About this exercise.
Exclude the pictures, then repeat the remaining data exactly.
═══ Listed entries
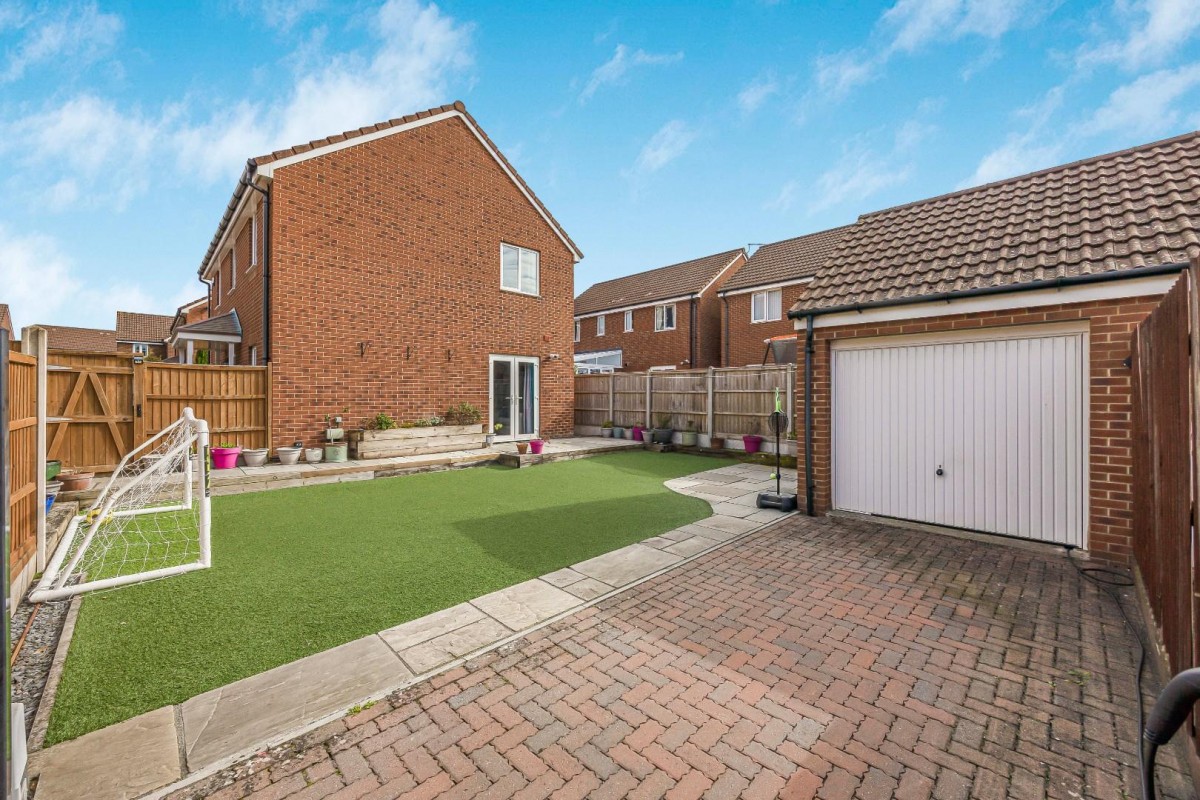 John Hall Close, Bristol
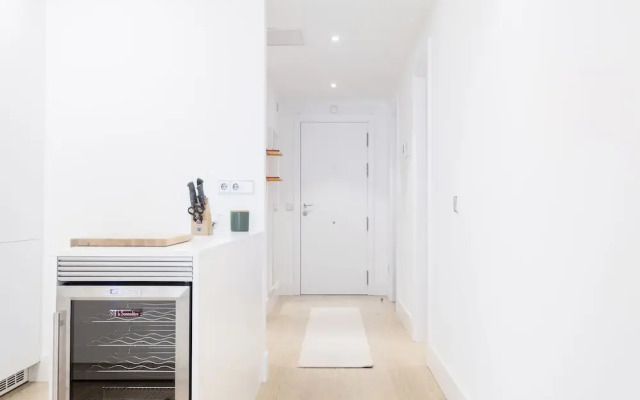 Velazquez Apartments by FlatSweetHome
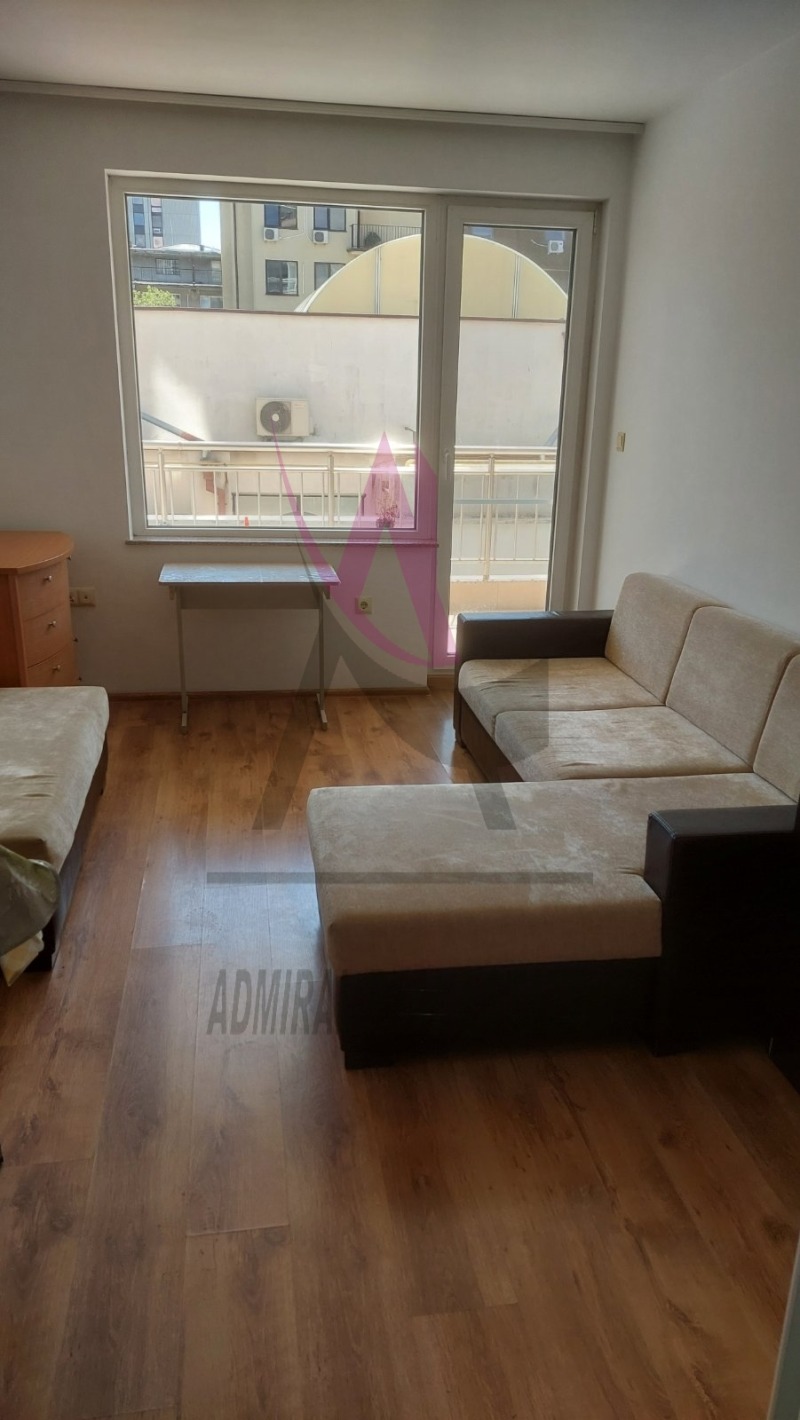 K pronájmu  1 ložnice Varna , Asparuchovo , 75 m2 | 34913332 - obraz [2]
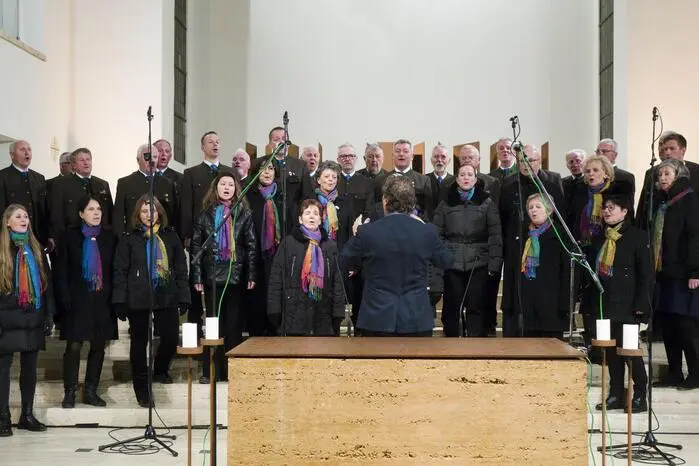 Begleitet wurden die Kärntner Sänger von der „Vokal Harmonie“ aus dem Weinviertel unter der Leitung von Matthias Steiner sowie der „RiDuRi’s Musi“, geführt von Johann Rinner, die mit ihren warmen Klängen eine festliche Atmosphäre schufen.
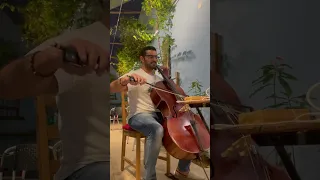 عزف موسيقي حي   كوزفن   الرياض دندنها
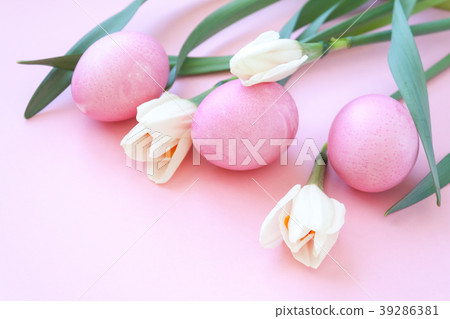 Easter eggs and spring flowers narcissi on pink ba 39286381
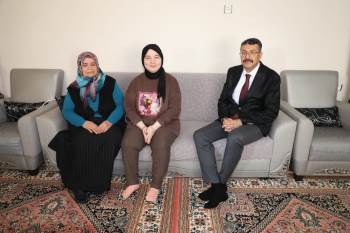 Vali Ali Çelik Sorunu Çözdü, Gülay’A Araç Tahsis Edildi
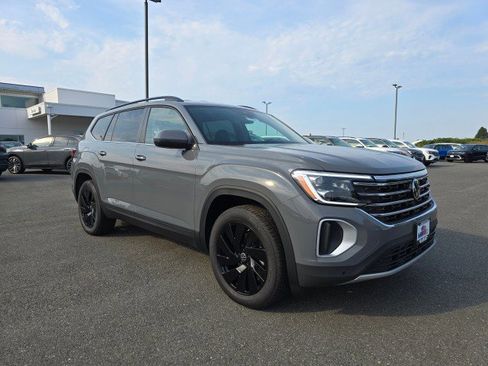 New 2026 Volkswagen Atlas SE image 1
══════
Solution.
 John Hall Close, Bristol
 Velazquez Apartments by FlatSweetHome
 K pronájmu  1 ložnice Varna , Asparuchovo , 75 m2 | 34913332 - obraz [2]
 Begleitet wurden die Kärntner Sänger von der „Vokal Harmonie“ aus dem Weinviertel unter der Leitung von Matthias Steiner sowie der „RiDuRi’s Musi“, geführt von Johann Rinner, die mit ihren warmen Klängen eine festliche Atmosphäre schufen.
 عزف موسيقي حي   كوزفن   الرياض دندنها
 Easter eggs and spring flowers narcissi on pink ba 39286381
 Vali Ali Çelik Sorunu Çözdü, Gülay’A Araç Tahsis Edildi
 New 2026 Volkswagen Atlas SE image 1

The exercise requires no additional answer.